Mike Ehrmantraut has been on the fringes of this series from the beginning, but he takes center stage here, as his backstory is more fully filled in than it ever was previously, and we are given a window into the tragedies that brought Mike from Philly to Albuquerque, and started him down the path from mildly corrupt police officer to cleaner and consigliere for some of the most successful drug lords in the Southwest. Prior to his move, Mike’s son was killed after Mike convinced him to accept a kickback and he hesitated enough to convince some dirty cops he couldn’t be trusted. Mike then uncovered who killed his son, took his revenge, and headed out west to find his daughter-in-law and granddaughter and take care of his family like his son couldn’t.
Jonathan Banks, who somehow does not have an Emmy for playing Mike already, is absolutely stunning throughout “Five-O,” playing Mike’s standard sarcasm (he’s, as Jimmy puts it, “actually, believe it or not, a wee bit taciturn”) but delving into the depths beneath his quiet exterior, showing a man wracked with guilt and broken by the decisions he made, the compromises that lead to the corrosion of his character and the death of his more upstanding son. His work here is informed by what he did on Breaking Bad, but it is notable for how much rawer he allows Mike to be. This is a man who is controlled, and a man who knows the underworld well enough to get around in it. But it is also someone with deep pain and a desire to not find himself back down in the mud. “Five-O” never makes this connection explicit (in fact, Jimmy barely appears in the episode, only showing up to help with Mike’s coffee trick), but in that way, Mike is a lot like Jimmy. They are both flawed men with checkered pasts who have come to Albuquerque hoping to make good, and who will instead meet fates of varying awfulness once they give in to their worse natures.

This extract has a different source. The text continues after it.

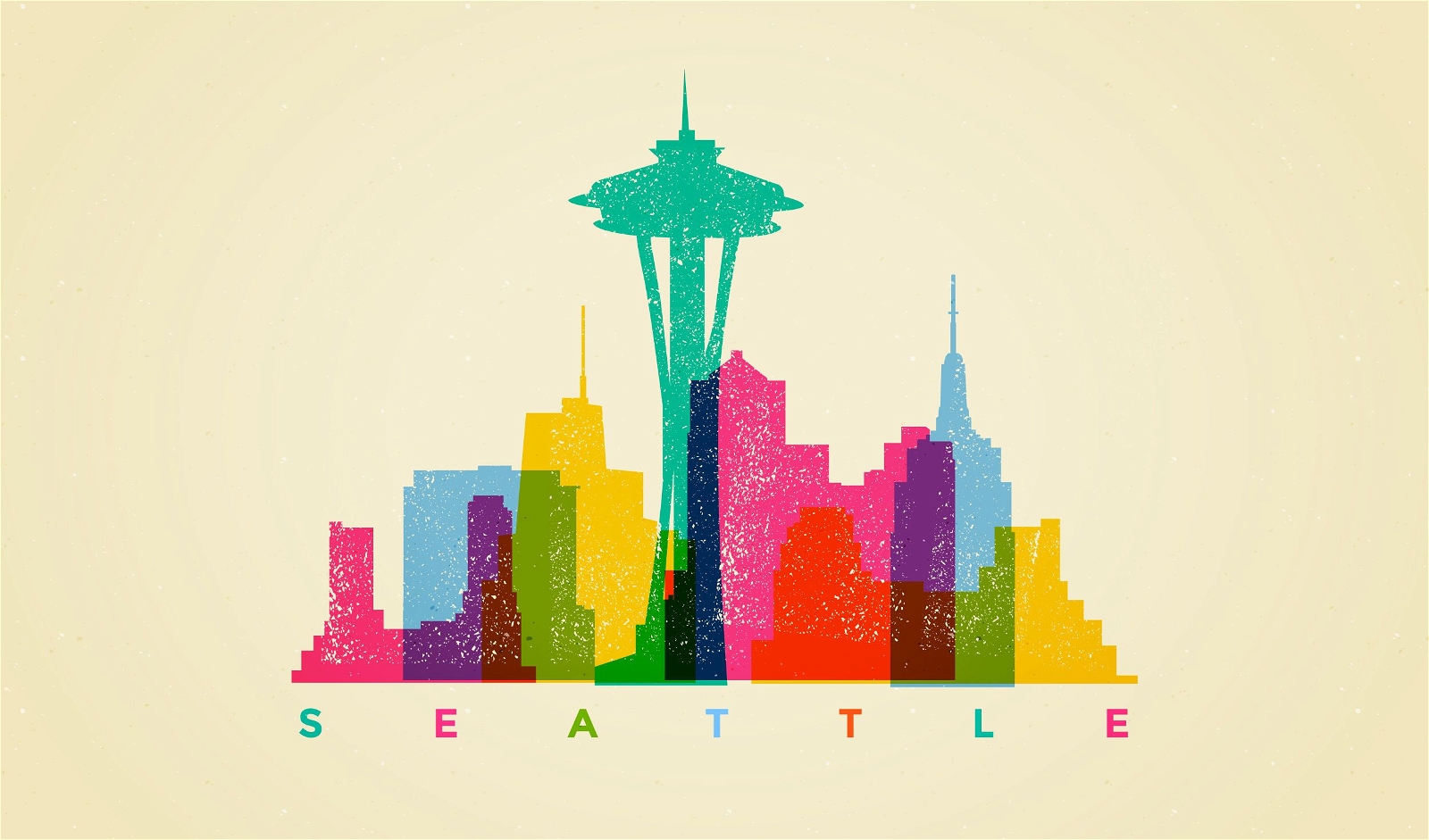 Bunte Skyline von Seattle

If Better Call Saul were to end tomorrow (and we know already it won’t; it was renewed for a second season last summer), it would still have provided this episode, which gives such a breadth of insight into the past and mindset of Mike as to make it vital, even if only as a prequel to Breaking Bad. That Mike hates himself is something we always sort of knew, but the why of it changes everything. Mike broke his own code, broke his son, and then murdered two cops, touching off a cycle of vengeance that will carry him to his ultimate fate. His hatred for Walter’s hypocrisy is shaded by the fact of his own; by his regret and recriminations at his own failings and the way they took the best thing in his life away from him.
As n introduction to Mike, which “Five-O” functionally is for anyone just watching Better Call Saul, this is a blisteringly bleak hour of television that evokes film noir in its verbal patter and its sense of tragic inevitability. For those who have watched Breaking Bad, it is so much more, a window into one of the most fascinating and enigmatic figures from that series, and a showcase for one of its more underrated actors. What we see here will form the basis of Jimmy and Mike’s partnership, but it does more than that. It ties them together thematically, showing both as men with checkered pasts, full of regret and hoping to make good in Albuquerque, if they can just outrun that darkness for a little while longer.
The Roundup
- “You look like Matlock.” “I look like a young Paul Newman dressed as Matlock.”
- “But it was you. And I know it was you. And I’m gonna prove it.”
- “He put me up on a pedestal. And I had to show him that I was down in the gutter like the rest of them. Broke my boy. I broke my boy.”
- “You know what happened. The question is, can you live with it?”